Business Plan content priority
A business plan is a business plan. To be effective, the underlying work of investigation needs to face multiple topics and management areas, namely market analysis, benchmark study, strategy plan, operations guide, financial forecasting. The holistic approach is necessary for the quality of the assessment, because the insights coming from all areas of the analysis are interconnected: for instance, the market analysis is essential to building the assumptions for the sales plan, so to begin with the financial forecasting job. However, even if the analysis has been through and we positively collected a lot of data, we should prevent ourselves from "showing off" how much work has been carried out reporting all data and sources into the presentation.

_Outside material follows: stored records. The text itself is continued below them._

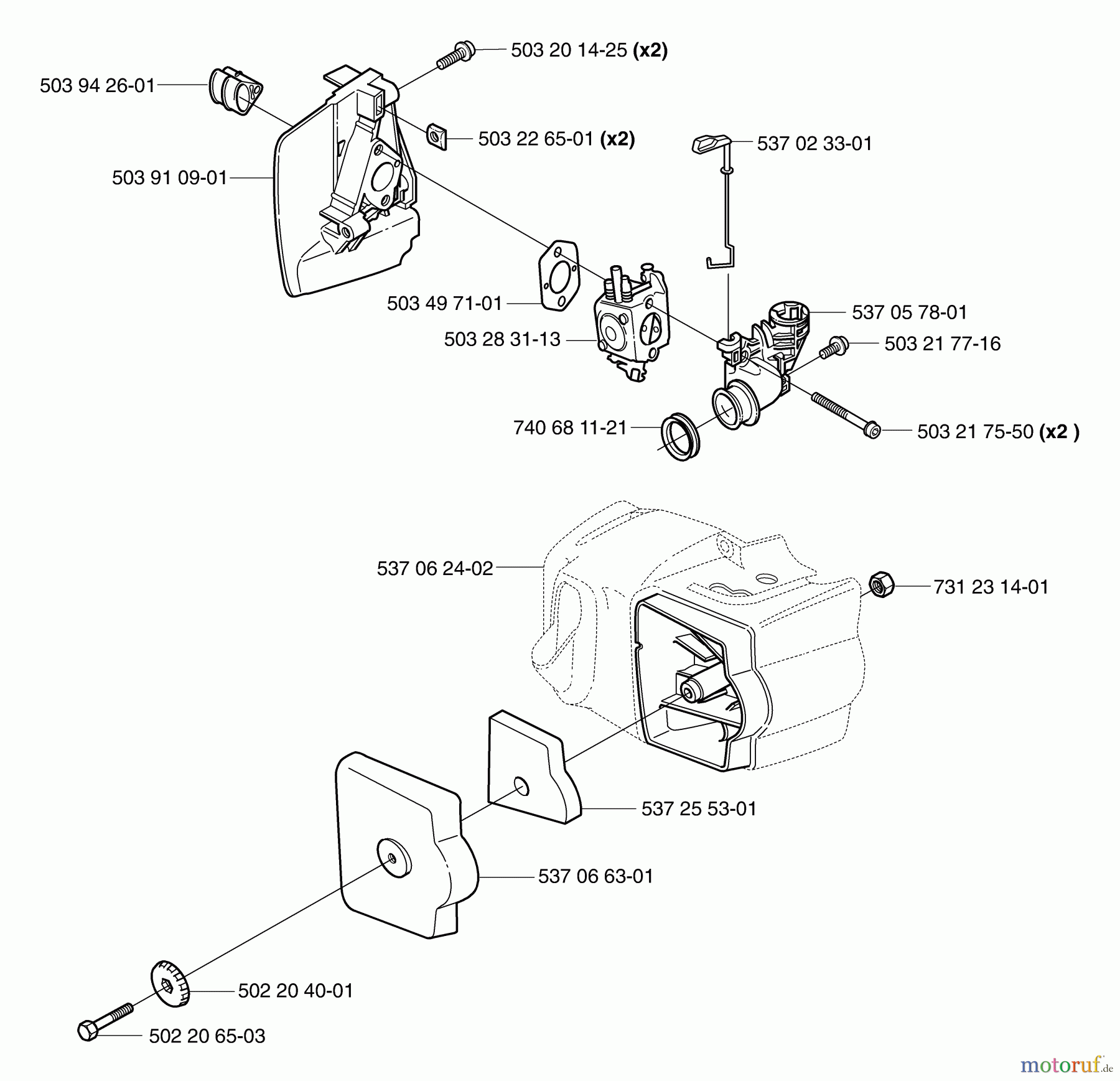 Husqvarna Heckenscheren 325 HS 75X - Husqvarna Hedge Trimmer (2003-01 to 2008-04) Air Filter/Carburetor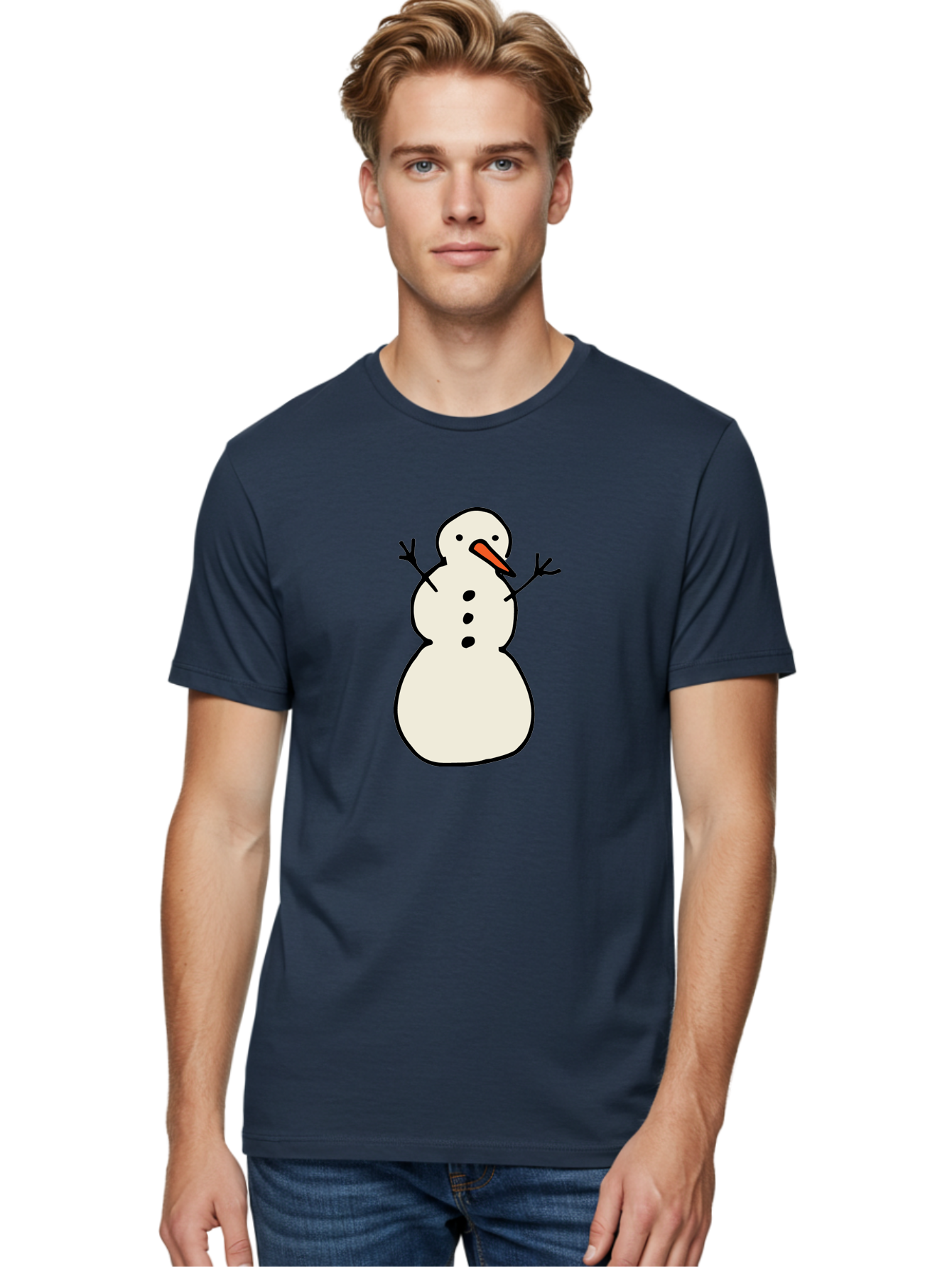 Snowman-1 Men'S Graphic Tee, 100% Cotton, Comfortable Casual Summer Wear, Machine Washable, Cartoon Snowman, White Snowman, Orange Nose, Black Dots, Winter Character, Festive Figure, Snowball Body, Simple Design, Cute Illustration, Aab124 20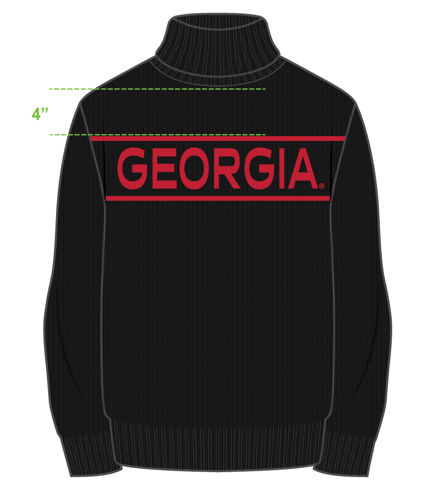 Gameday Social Apparel Co.® – Engroshandel Pullover - Dame – Georgia Railway Sweater med oprullet rullekrave1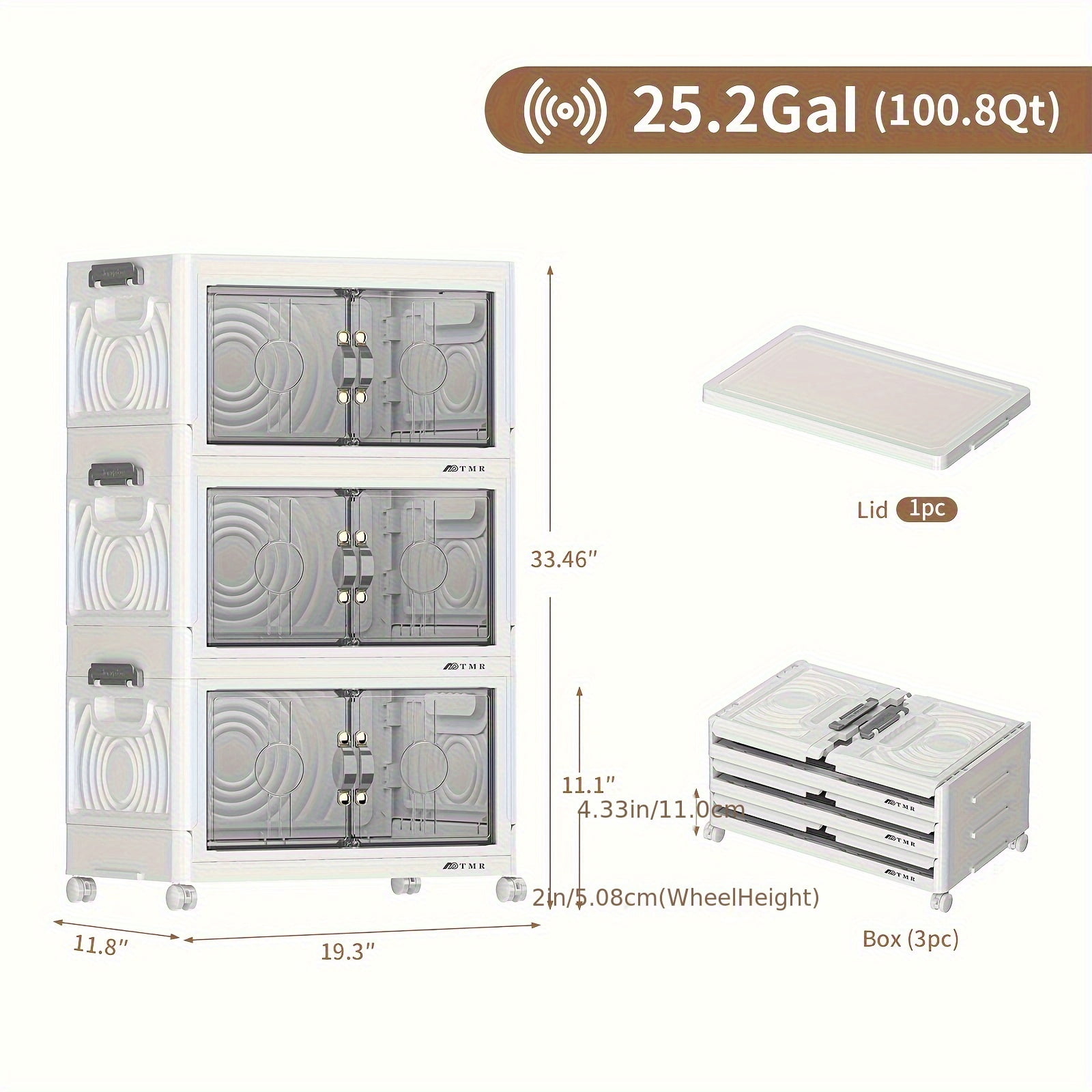 Extra-large Plastic Storage Box with Lid - 2-5 Layer Folding Stack ...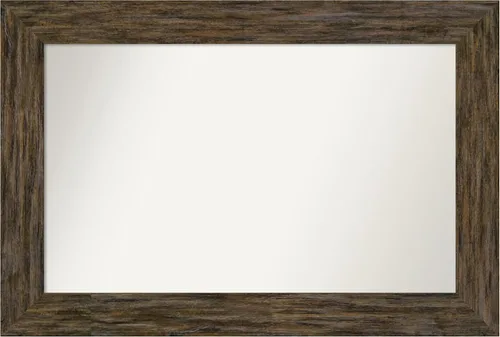 Vista 38 de Amanti Art Espejo personalizado, espejo de baño marrón Fencepost, espejo de pared o espejo de tocador de baño sobre el fregadero (27 x 27 pulgadas)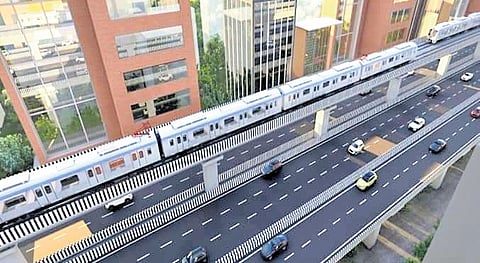 A 3D model of the elevated corridor from Paradise Junction to Dairy Farm Road, NH-44 for which Chief Minister A Revanth Reddy (right) laid the foundation stone in Hyderabad on Saturday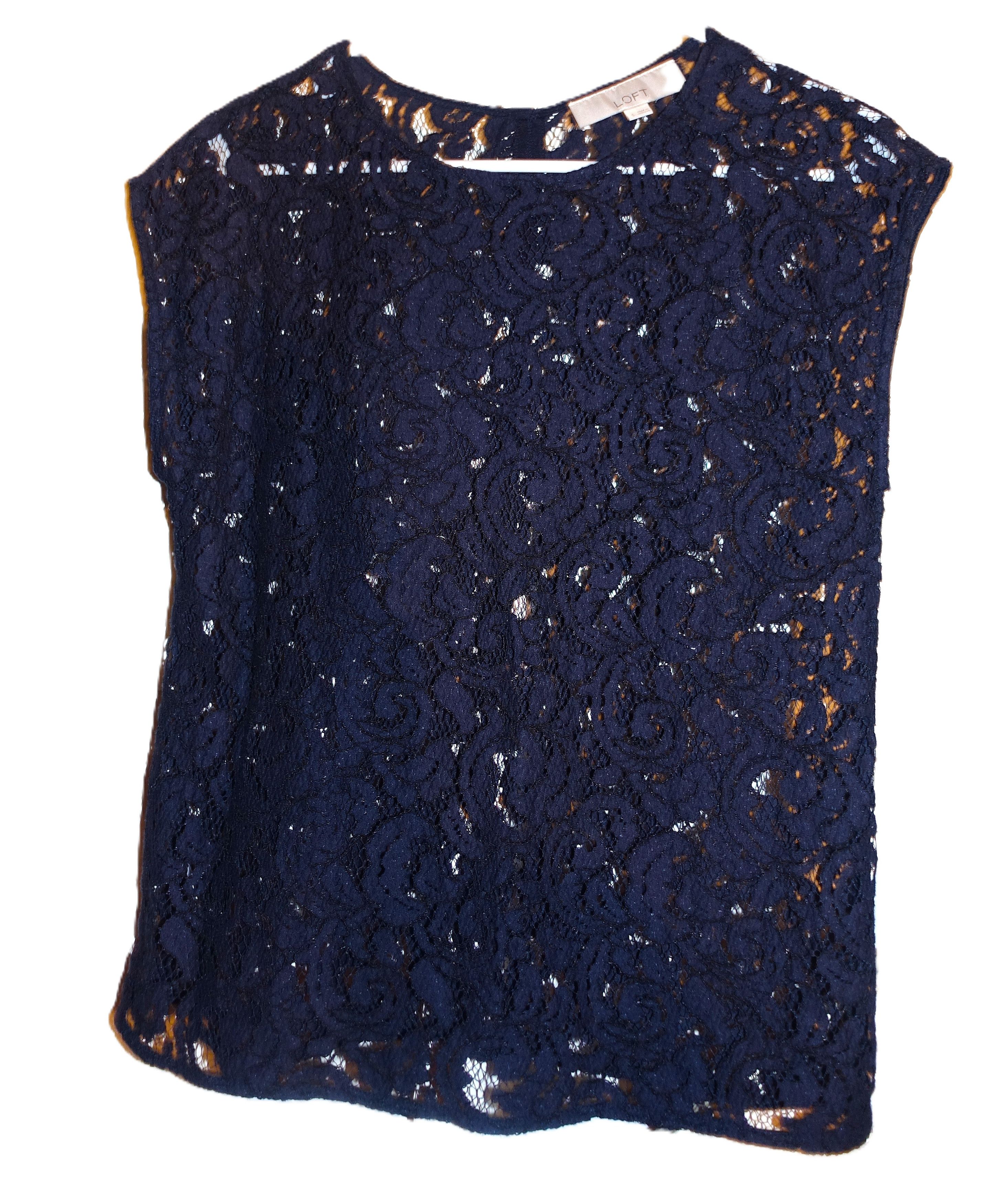 Loft Ann Taylor Loft Black Lace Blouse S Size S / US 4 / IT 40 - 8 Thumbnail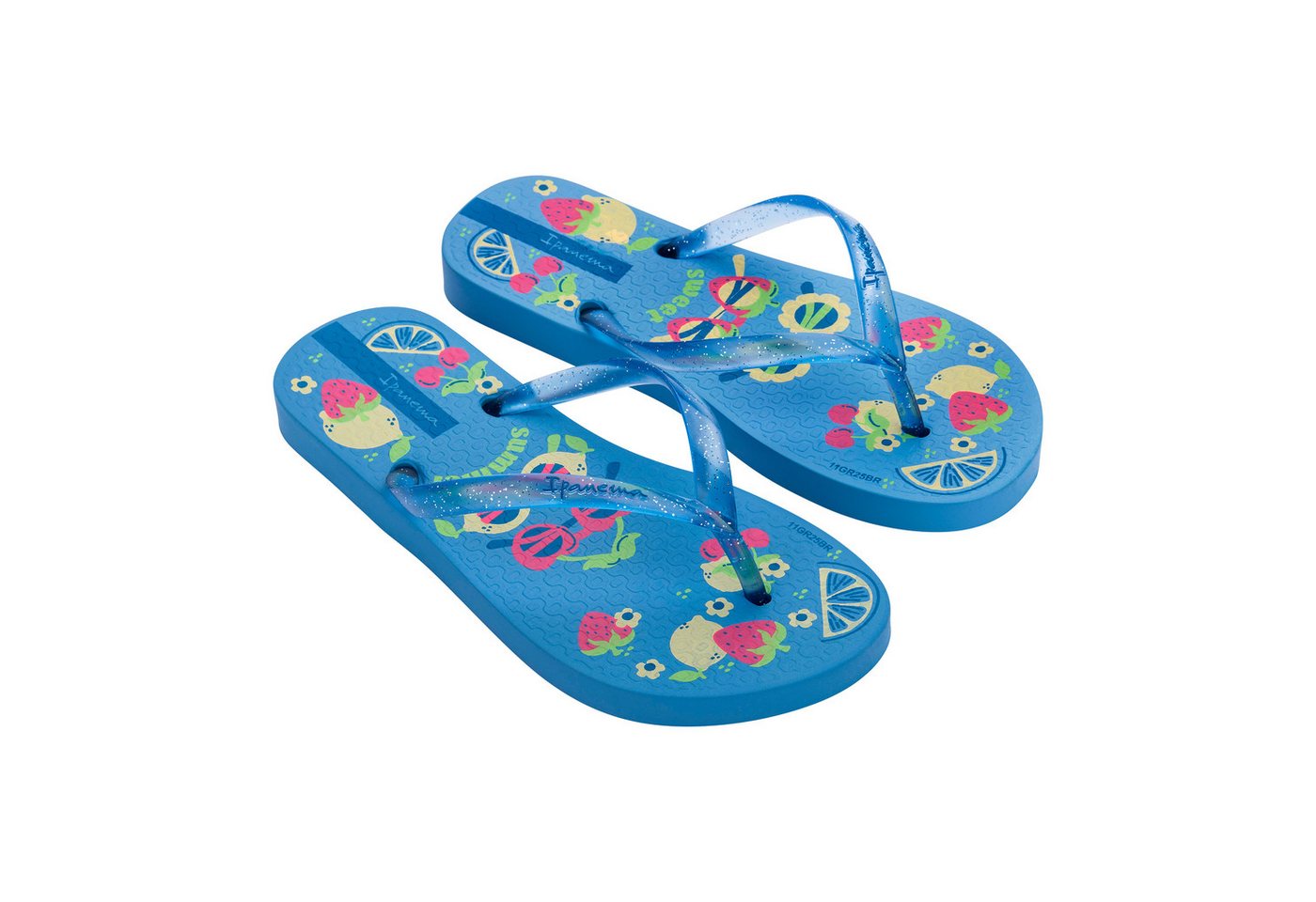 Ipanema TEMAS GIRLS KIDS - Zehentrenner / Flip Flop Zehentrenner bedruckte Innensohle - rutschfest - wasserfest (blau)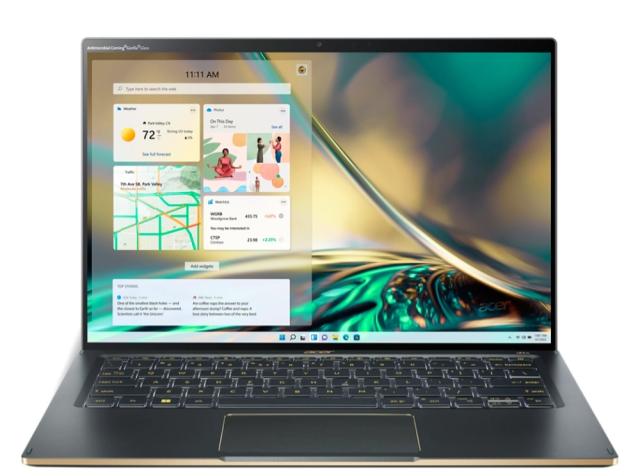 Лаптоп Acer Swift 5, SF514-56T-70F5, Core i7-1260P (up to 4.7GHz, 18MB), 14" 2.5K (2560 x 1440) IPS touch, 16GB LPDDR5, 1024GB PCIe SSD, Intel UMA, WIFI 6E BT 5.0 INTEL Killer CNVi, Backlit KB, FPR, Win 11 Home, Steam Blue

The final document must be essential and easy to read (see the Tip "Business Plan, the style beyond the substance"), so summarizing the insights in relatively few slides and transform information into infographics is a task enhancing the effectiveness of the document itself. Moreover, at the beginning, while the general structure of the business plan has been drafted, it is important to understand what part of the analysis our targeted reader might be interested most: is the audience focused on understanding the projected financial return of the investment? is instead interested more in understanding how we set up the marketing strategy and the subsequent promotional activities, as a demonstration of the market potential of our product?
These examples show that, while we should give space to all areas of the business plan analysis, we should altogether increase the room to the topics our reader is interested most. At the end, we build a business plan to reach a goal, not to show we are wonderful business planners!